Another VLF piece of instrumentation is TOGA this is part of a worldwide lightning location network. TOGA listens to VLF radio frequencies and picks up impulse signals from lightning discharges. Using the network, lightning strikes can be plotted on worldwide maps. Our optical instrument Bomem is a spectro radiometer, this measures the intensities of bright emissions of Hydroxide (OH) and Oxygen (O2) in the mesosphere and lower thermosphere. This is used to investigate dynamics, chemistry and thermal structure of these parts of the atmosphere.
The final piece of kit is a Magnetometer which measures the Earths magnetic field very accurately in two horizontal planes and one vertical plane. The Earths magnetic field wobbles due to currents in the lower thermosphere which change due to solar activity. So my job is to keep this all running 24-7 365 days a year, of course there is always the point that if its ain’t broke I can’t fix it! Studying this relatively unknown but highly active part of the atmosphere will give scientists a bigger picture of our atmosphere and may improve atmospheric models improving weather forecasts.

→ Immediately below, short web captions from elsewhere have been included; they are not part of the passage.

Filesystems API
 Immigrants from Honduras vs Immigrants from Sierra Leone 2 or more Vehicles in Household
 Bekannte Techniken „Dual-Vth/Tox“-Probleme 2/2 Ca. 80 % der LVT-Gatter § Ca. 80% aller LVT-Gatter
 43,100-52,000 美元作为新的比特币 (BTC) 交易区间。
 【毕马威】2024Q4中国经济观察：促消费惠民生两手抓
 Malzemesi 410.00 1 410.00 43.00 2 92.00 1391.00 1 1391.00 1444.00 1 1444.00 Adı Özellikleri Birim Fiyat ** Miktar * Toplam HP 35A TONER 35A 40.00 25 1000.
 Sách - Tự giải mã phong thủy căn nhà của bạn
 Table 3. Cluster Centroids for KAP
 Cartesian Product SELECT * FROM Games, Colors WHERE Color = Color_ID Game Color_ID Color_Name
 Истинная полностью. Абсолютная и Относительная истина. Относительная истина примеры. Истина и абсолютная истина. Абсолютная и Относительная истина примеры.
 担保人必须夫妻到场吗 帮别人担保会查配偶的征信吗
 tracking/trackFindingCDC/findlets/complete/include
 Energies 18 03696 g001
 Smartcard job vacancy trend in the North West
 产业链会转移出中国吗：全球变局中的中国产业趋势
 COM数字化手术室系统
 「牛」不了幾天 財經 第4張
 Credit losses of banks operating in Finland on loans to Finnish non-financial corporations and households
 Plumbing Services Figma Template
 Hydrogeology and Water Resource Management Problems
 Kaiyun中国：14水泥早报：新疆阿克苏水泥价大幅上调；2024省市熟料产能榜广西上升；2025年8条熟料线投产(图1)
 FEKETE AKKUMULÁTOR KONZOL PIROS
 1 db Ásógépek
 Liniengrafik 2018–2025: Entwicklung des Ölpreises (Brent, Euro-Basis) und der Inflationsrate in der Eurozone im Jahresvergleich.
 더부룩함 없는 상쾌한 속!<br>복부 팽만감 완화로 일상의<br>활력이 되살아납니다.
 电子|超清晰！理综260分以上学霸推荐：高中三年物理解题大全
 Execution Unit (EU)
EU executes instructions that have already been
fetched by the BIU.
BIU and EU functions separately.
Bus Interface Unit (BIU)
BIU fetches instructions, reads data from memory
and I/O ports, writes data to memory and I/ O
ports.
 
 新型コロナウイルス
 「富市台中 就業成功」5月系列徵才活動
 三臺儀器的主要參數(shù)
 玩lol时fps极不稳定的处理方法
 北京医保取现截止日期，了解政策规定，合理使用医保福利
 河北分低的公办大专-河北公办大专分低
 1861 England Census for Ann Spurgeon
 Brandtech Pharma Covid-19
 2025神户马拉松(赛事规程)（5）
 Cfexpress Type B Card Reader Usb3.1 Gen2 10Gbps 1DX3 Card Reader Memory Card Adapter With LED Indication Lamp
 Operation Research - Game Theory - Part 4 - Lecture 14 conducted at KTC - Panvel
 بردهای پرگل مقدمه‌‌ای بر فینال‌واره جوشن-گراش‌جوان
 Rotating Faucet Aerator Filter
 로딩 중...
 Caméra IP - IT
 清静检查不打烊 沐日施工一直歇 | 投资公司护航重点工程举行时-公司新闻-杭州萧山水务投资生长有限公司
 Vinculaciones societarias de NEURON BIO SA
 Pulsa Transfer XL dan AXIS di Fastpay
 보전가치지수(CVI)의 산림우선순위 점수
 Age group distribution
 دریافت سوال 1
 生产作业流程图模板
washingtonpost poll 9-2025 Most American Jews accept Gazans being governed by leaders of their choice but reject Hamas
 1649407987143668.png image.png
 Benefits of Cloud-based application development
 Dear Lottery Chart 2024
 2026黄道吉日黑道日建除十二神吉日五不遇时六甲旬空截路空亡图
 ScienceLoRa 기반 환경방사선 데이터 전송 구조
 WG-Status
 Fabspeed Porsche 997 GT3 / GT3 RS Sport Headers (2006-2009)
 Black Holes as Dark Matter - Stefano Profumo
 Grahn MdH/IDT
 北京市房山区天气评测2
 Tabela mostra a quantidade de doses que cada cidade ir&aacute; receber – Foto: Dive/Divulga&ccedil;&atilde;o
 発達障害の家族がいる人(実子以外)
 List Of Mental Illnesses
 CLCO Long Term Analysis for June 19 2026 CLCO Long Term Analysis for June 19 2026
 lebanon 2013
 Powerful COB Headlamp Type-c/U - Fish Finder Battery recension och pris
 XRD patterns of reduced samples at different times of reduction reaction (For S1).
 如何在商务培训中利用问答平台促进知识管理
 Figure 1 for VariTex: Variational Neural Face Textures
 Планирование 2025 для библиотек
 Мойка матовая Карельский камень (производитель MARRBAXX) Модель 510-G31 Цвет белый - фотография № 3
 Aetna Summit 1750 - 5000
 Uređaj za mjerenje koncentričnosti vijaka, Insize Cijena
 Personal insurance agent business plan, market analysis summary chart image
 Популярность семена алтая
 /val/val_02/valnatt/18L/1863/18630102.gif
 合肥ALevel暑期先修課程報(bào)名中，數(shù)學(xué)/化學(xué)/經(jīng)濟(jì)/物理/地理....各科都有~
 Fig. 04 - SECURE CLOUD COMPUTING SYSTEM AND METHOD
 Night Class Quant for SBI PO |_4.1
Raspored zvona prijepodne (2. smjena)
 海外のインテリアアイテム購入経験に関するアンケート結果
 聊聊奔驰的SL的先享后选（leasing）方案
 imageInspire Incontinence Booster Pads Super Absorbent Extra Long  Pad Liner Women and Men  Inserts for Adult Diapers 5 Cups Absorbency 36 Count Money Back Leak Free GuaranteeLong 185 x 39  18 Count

Also part of my job is to help Agnieszka with the metrology bits and pieces. The last few weeks have been very busy now we have had planes passing through. There have been several early morning calls, by that I mean 05:00 and 06:00 ( and the 0 does mean oh my god it’s early and oh my god I’m grouchy) making weather charts and getting satellite pictures for the pilots to chose whether to fly or stay for some more Rothera hospitality. Also when planes are in the air we increase our three hourly observations and make hourly observations of weather conditions whether the plane is inbound or outbound as problems may make the plane turn back. This has also meant some late finishes of midnight and two in the morning. Well there you go Jamie, it may not be keeping the lights on but all this kit creates a need for a base that needs its lights on.
Hi to friends & family back home, see you all in April.